• [Problem]:
Using the data below, print exactly the line with "Multitudinaria presentacioacuten de", the line with "224 Raven Ct, Modesto, CA 95350 photo 4", and every line between them, but none of the pictures.

• [Given information]:
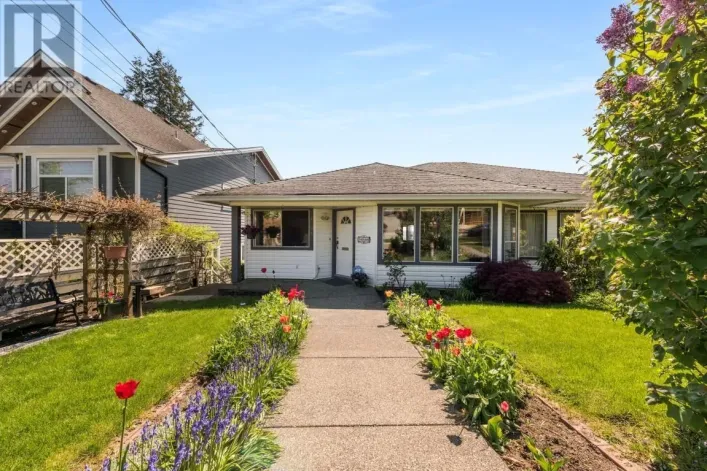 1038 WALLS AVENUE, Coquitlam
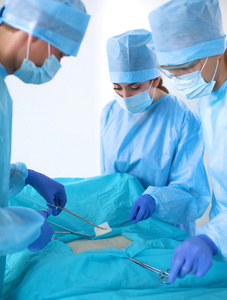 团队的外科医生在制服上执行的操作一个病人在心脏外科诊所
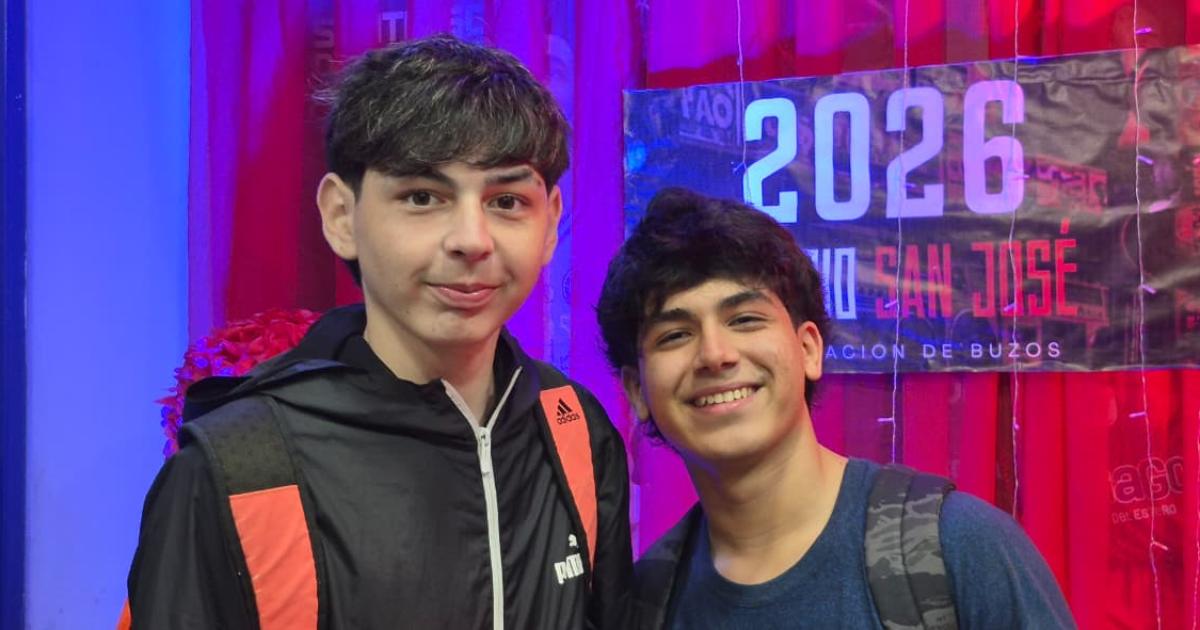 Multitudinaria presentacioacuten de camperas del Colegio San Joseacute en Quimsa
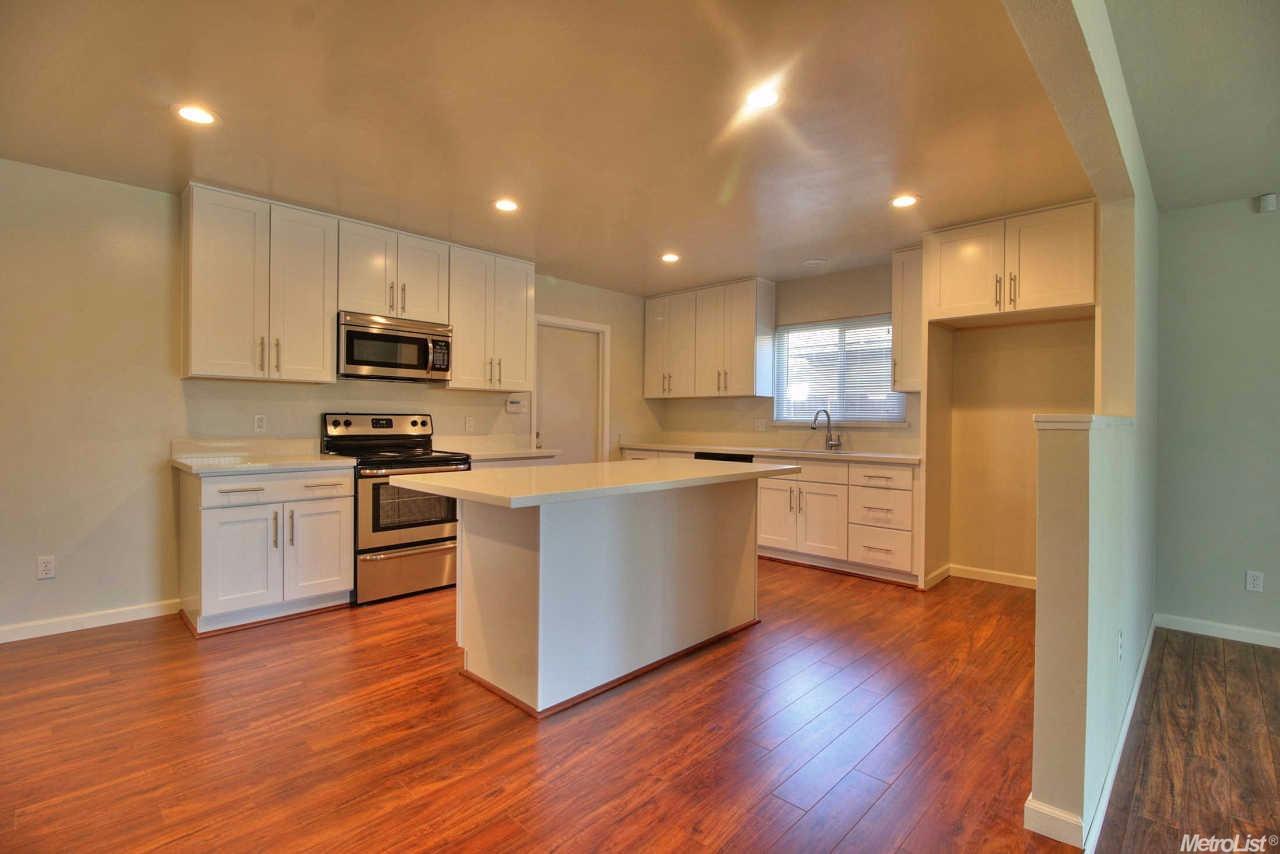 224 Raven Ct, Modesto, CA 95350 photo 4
--
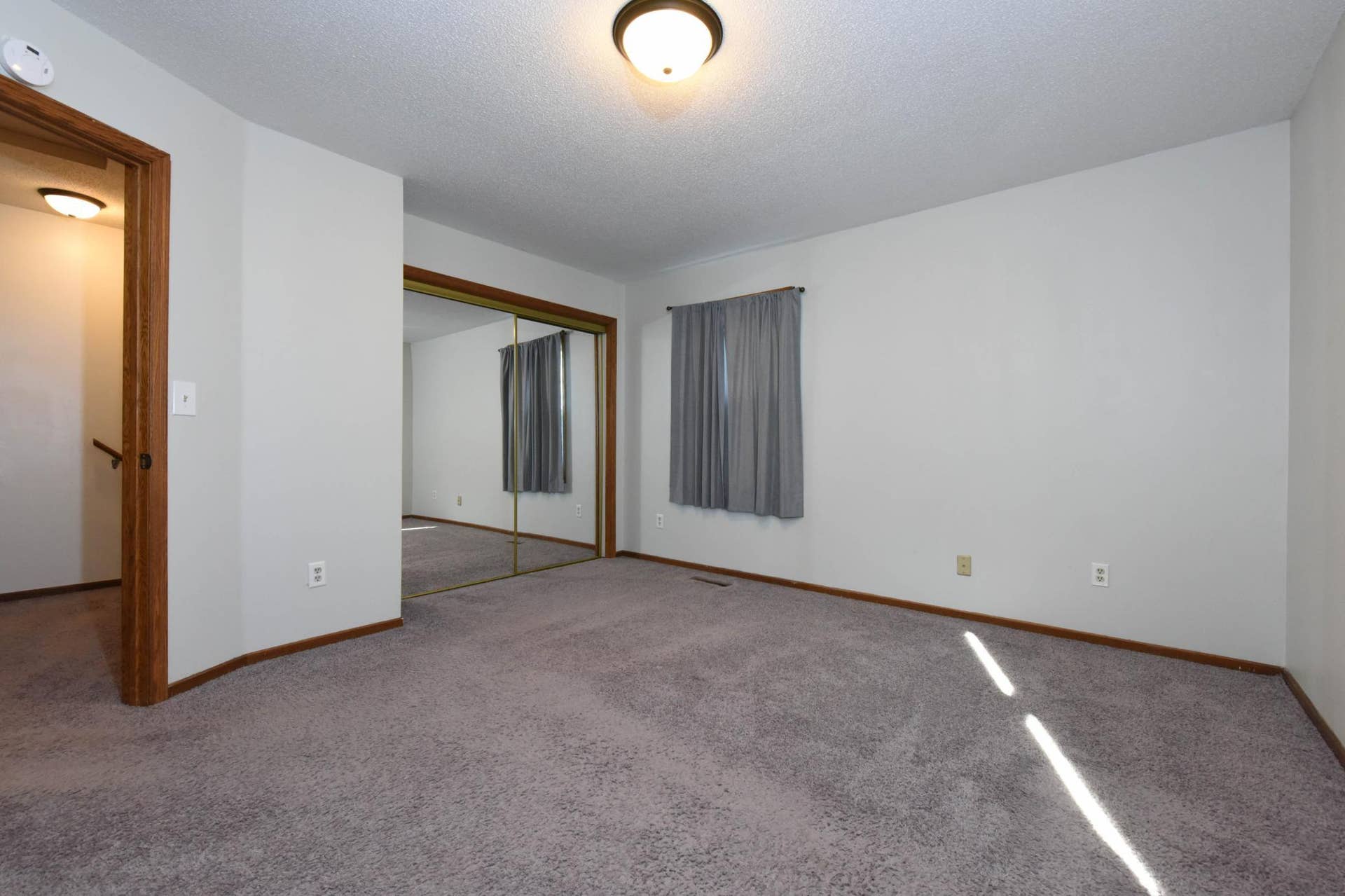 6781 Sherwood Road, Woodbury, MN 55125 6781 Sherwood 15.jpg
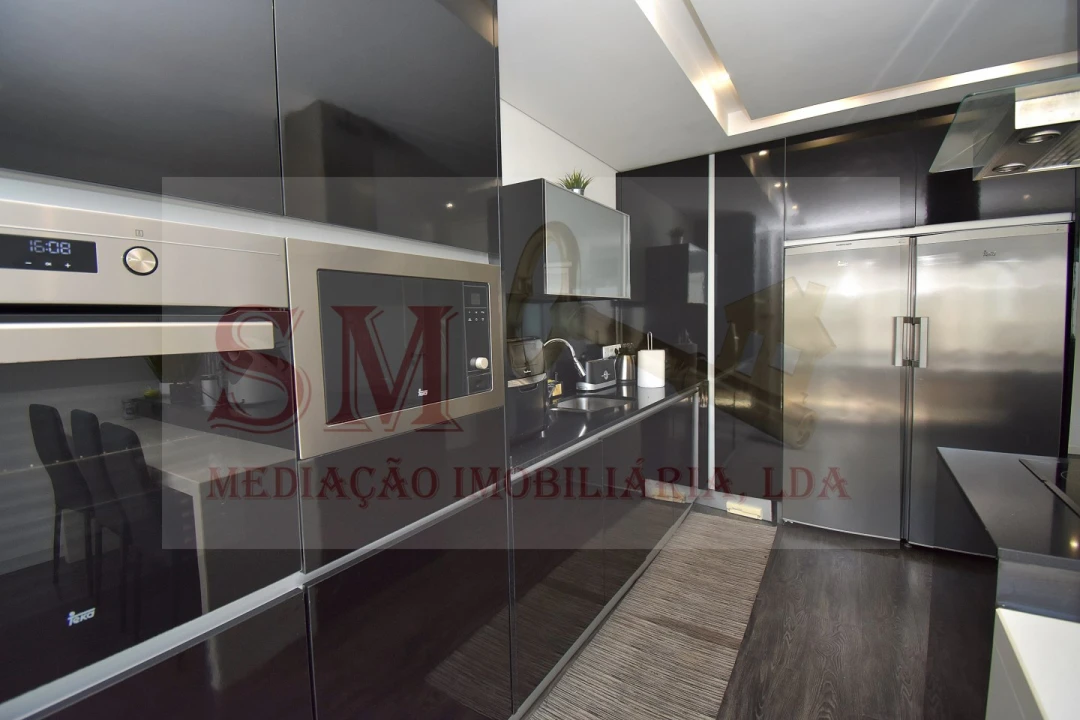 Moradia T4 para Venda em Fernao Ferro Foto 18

• [Output below]:
 Multitudinaria presentacioacuten de camperas del Colegio San Joseacute en Quimsa
 224 Raven Ct, Modesto, CA 95350 photo 4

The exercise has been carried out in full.